When computing the validation score for model selection, usually you can also do neighbor sampling. We can just reuse our create_dataloader function to create two separate dataloaders for training and validation.

[9]:
train_dataloader = create_dataloader(train_set, shuffle=True)
valid_dataloader = create_dataloader(valid_set, shuffle=False)

import sklearn.metrics

The following is a training loop that performs validation every epoch.

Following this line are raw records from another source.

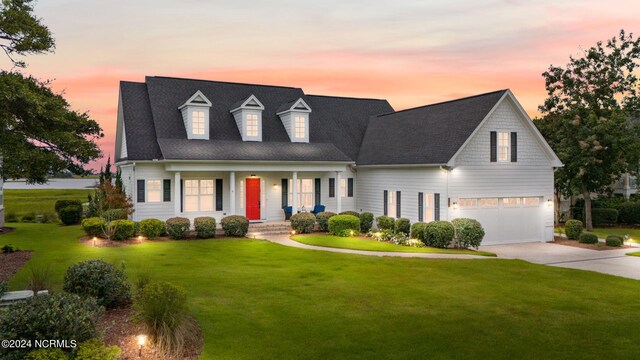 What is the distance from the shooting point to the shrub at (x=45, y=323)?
25.0 ft

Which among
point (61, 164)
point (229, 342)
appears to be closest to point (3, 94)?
point (61, 164)

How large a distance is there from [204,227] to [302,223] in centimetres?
548

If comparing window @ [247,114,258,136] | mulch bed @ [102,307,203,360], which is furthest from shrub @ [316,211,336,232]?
mulch bed @ [102,307,203,360]

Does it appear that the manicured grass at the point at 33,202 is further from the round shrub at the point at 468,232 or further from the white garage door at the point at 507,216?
the white garage door at the point at 507,216

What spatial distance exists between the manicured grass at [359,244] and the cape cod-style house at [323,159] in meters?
2.71

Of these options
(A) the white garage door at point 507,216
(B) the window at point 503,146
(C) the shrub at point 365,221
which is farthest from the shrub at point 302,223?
(B) the window at point 503,146

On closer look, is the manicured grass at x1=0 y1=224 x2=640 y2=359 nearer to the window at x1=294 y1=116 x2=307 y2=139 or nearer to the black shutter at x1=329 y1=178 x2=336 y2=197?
the black shutter at x1=329 y1=178 x2=336 y2=197

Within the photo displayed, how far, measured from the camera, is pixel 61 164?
16562 mm

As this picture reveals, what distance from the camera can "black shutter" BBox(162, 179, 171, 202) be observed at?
26.4m

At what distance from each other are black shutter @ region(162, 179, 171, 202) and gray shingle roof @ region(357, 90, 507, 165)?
40.1ft

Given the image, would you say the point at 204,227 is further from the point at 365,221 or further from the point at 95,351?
the point at 95,351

It also saves the model with the best validation accuracy into a file.

[10]:
from tqdm.auto import tqdm

for epoch in range(10):
    model.train()

    with tqdm(train_dataloader) as tq:
        for step, data in enumerate(tq):
            x = data.node_features["feat"]
            labels = data.labels

            predictions = model(data.blocks, x)

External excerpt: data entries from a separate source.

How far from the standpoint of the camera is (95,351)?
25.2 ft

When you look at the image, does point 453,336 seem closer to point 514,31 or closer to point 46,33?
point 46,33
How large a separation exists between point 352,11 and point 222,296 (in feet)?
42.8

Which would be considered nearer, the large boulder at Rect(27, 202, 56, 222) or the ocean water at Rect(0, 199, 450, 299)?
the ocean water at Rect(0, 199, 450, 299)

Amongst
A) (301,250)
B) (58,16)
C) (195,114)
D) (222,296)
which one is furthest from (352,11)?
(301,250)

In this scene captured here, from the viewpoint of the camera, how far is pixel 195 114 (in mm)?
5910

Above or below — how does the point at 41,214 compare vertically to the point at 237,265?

            loss = F.cross_entropy(predictions, labels)
            opt.zero_grad()
            loss.backward()
            opt.step()

            accuracy = sklearn.metrics.accuracy_score(
                labels.cpu().numpy(),
                predictions.argmax(1).detach().cpu().numpy(),
            )

            tq.set_postfix(
                {"loss": "%.03f" % loss.item(), "acc": "%.03f" % accuracy},
                refresh=False,
            )

    model.eval()

    predictions = []
    labels = []
    with tqdm(valid_dataloader) as tq, torch.no_grad():
        for data in tq:
            x = data.node_features["feat"]
            labels.append(data.labels.cpu().numpy())
            predictions.append(model(data.blocks, x).argmax(1).cpu().numpy())
        predictions = np.concatenate(predictions)
        labels = np.concatenate(labels)
        accuracy = sklearn.metrics.accuracy_score(labels, predictions)
        print("Epoch {} Validation Accuracy {}".format(epoch, accuracy))
Epoch 0 Validation Accuracy 0.3902479948991577
Epoch 1 Validation Accuracy 0.49417765696835464
Epoch 2 Validation Accuracy 0.5294472968891574
Epoch 3 Validation Accuracy 0.5466961978589886
Epoch 4 Validation Accuracy 0.5666633108493574
Epoch 5 Validation Accuracy 0.567602939695963
Epoch 6 Validation Accuracy 0.5725695493137354
Epoch 7 Validation Accuracy 0.5768314372965536
Epoch 8 Validation Accuracy 0.581227557971744
Epoch 9 Validation Accuracy 0.5807913017215343

Conclusion

In this tutorial, you have learned how to train a multi-layer GraphSAGE with neighbor sampling.